I think the biggest weakness for a product like Copilot was early on in this generative AI journey. We announced the first version of Copilot, the preview, in June 2021. That was a year and a half before ChatGPT came. And we did [general access] in June 2022, still almost half a year before ChatGPT. And then ChatGPT came and changed everything. Until that point, we thought that chat was not a scenario that worked well enough for coding. Clearly, we were wrong on that. And clearly then, quickly, we moved to add Chat to the Copilot portfolio and make that great for developer scenarios within the IDE, within the editor, because it allows people to have all the context that’s available.
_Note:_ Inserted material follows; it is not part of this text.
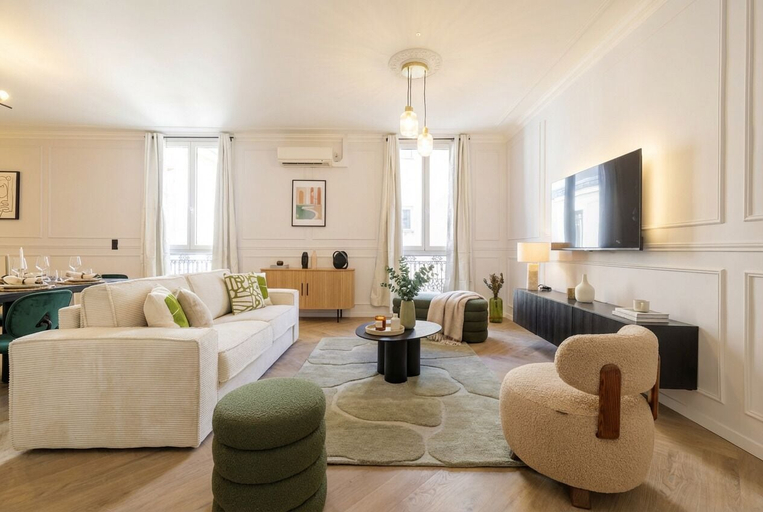 Living area 2, PoeticStay - Champs-Élysées - Galilée, Paris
The power of Copilot has always been that it knows what’s in your file. So, when it suggests code, it actually has the variable names and it knows what open-source frameworks you’re using. It actually looks at adjacent tabs. So, when you ask questions to explain code, it not only looks at the lines of code you highlighted but it also looks at the context. If you copy and paste stuff into a generic chat agent, you have to collect that context yourself or give it to the tool in the prompt. It shows one of the weaknesses, which is that the world is moving fast, and you have to be really agile.

We don’t know what the next big thing in AI is, in the same way that you would’ve had a hard time predicting in 1994 that Amazon would become the big tech company, the member of The Magnificent Seven, that it is today. It took them a decade or so to actually turn their first profit. So it’s hard to predict what’s coming next. Especially in this AI race, I think our biggest weakness is that we already have a large product in market with a large installed base, where then moving fast is a challenge in itself.

We have the benefit of that installed base helping us to grow market share and a tight feedback loop, but at the same time, every time we want to experiment, we have to balance between that experimentation and breaking things and keeping the current customer set happy, both actually on the technical side but also how we invest in the engineers, the product managers, the designers that we have.

Microsoft has a lot of CEOs under Satya Nadella, who is the CEO of Microsoft. When they hire someone like Mustafa Suleyman and make him the CEO of AI, do you have to take a meeting? What was that like? “Hey, I already have one of the biggest AI applications in the world in GitHub Copilot. Can you help?” Describe that first meeting, that conversation.

The first time I met him was at the TED conference in Vancouver because he had a talk and I had a talk and we ran into each other backstage. That was, I think, about a month after it was announced that he was joining Microsoft. Obviously, the first couple of weeks in a large company like Microsoft are always stressful, and many people want to meet you. So I left him alone. We ran into each other and shook hands and exchanged a couple of intro sentences. Then, in the meantime, we’ve met both in the senior leadership meeting under Satya, at the SLT meeting every Friday, talking mostly about AI topics. I’ve also met with him and his team to talk about similar questions that you asked about earlier: How do we get more agile on models? How do we move faster on being flexible on the next model generation? What can we learn from the Microsoft Copilot?

Now, as you know, the GitHub Copilot was the first one that we ever built, and as such, there has been a continuous learning loop across all of Microsoft. Since the very early days of GitHub Copilot, there has been a monthly Copilot meeting with 100-plus people across Azure, across the Bing team, across Kevin Scott’s CTO organization, that have been in the loop of what we were doing in terms of building the Copilot, deploying the Copilot, commercializing the product, but also what they are doing and how we can leverage the stack.

I think the most fascinating thing is that, I think all the Copilots, it’s the first time, at least in my time at Microsoft, where everybody from the early days started on a common stack, the Azure AI platform, or Azure AI Services, as it’s sold to third parties. So it’s not like we built our own stack and Bing built their own stack and then somebody came and said, “Well, we should really standardize that on a new stack,” and then everybody else in the future starts with that new stack but all the old-timers are like, “Wow, that’s way too much effort to move to that new stack.” 

You’re just describing Windows right now. I just want to be very clear.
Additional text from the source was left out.